**Your task:** Copy the data precisely, character for character, and leave out every picture.

==== Excerpted data

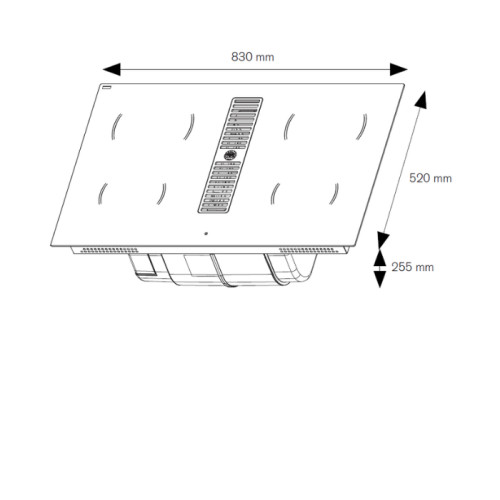 Варочная поверхность BERTAZZONI P804ICH30NP
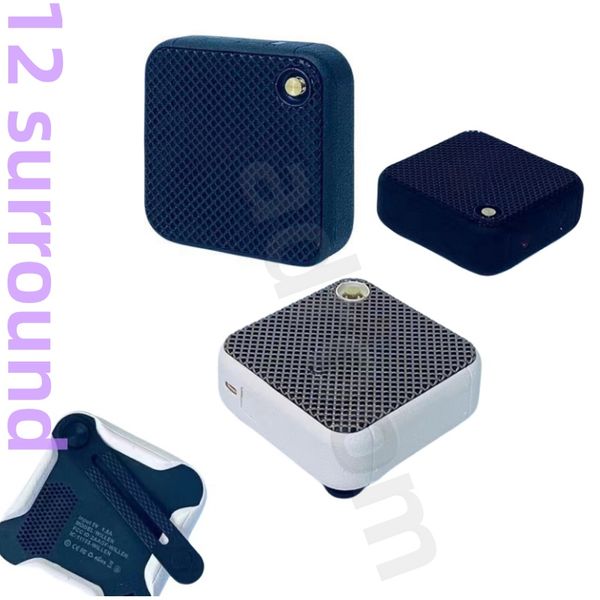Haut-parleurs portables Haut-parleur Bluetooth sans fil Mini Portable petit pistolet en acier sous-haut-parleur lourd Mini système sonore de canon de poney extérieur Portable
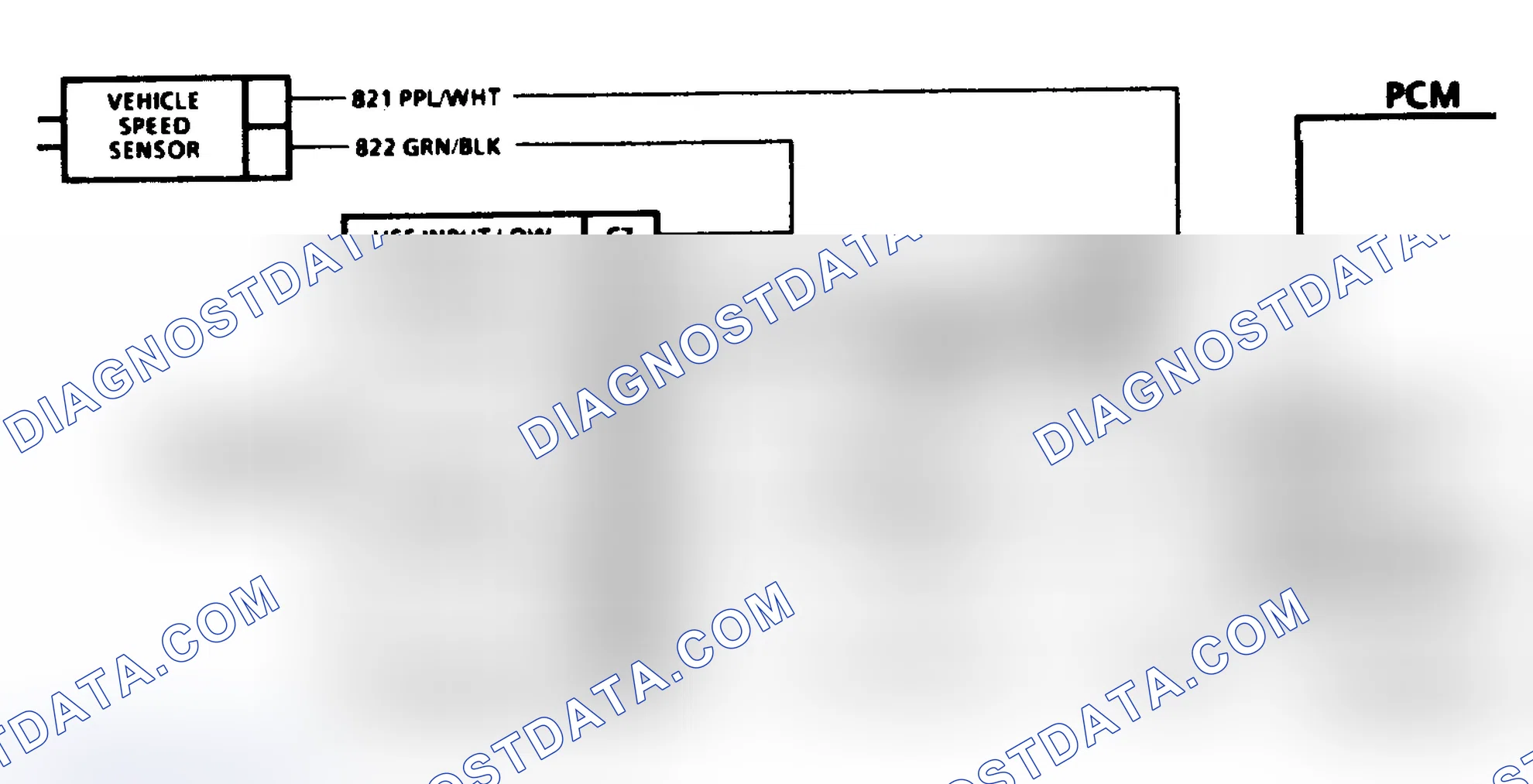 Scheme 18: Code 24, Schematic ("S" & "T" Series Utility Vehicles M/T) Vehicle Speed Sensor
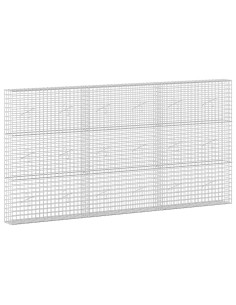 Gabion con Filo da 3,5 mm e Maglia da 5x5 cm 300x20x150 cm 2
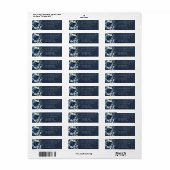 Étiquette Adresse de l'enveloppe plate Mariage en cascade Ro (Feuille entière)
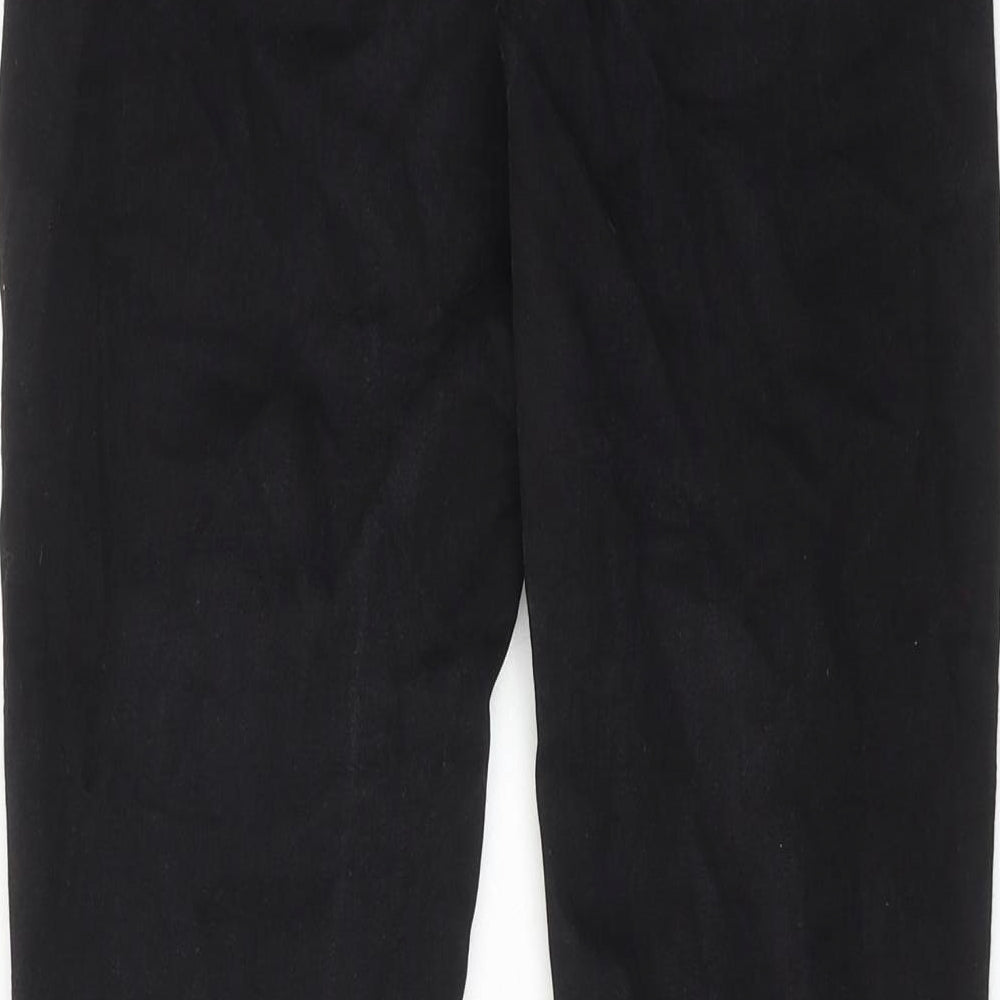 RESERVED Womens Black Cotton Skinny Jeans Size 12 Regular Lace Up - Lace Up Front
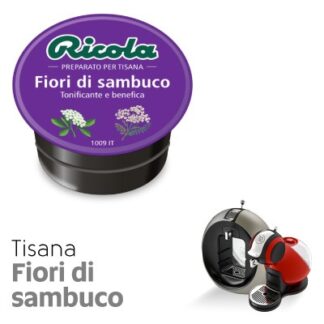 10 Capsule Ricola Tisana Fiori di Sambuco compatibili Nescafé Dolce Gusto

========

**Response area:**
 Варочная поверхность BERTAZZONI P804ICH30NP
Haut-parleurs portables Haut-parleur Bluetooth sans fil Mini Portable petit pistolet en acier sous-haut-parleur lourd Mini système sonore de canon de poney extérieur Portable
 Scheme 18: Code 24, Schematic ("S" & "T" Series Utility Vehicles M/T) Vehicle Speed Sensor
 Gabion con Filo da 3,5 mm e Maglia da 5x5 cm 300x20x150 cm 2
 Étiquette Adresse de l'enveloppe plate Mariage en cascade Ro (Feuille entière)
 RESERVED Womens Black Cotton Skinny Jeans Size 12 Regular Lace Up - Lace Up Front
 10 Capsule Ricola Tisana Fiori di Sambuco compatibili Nescafé Dolce Gusto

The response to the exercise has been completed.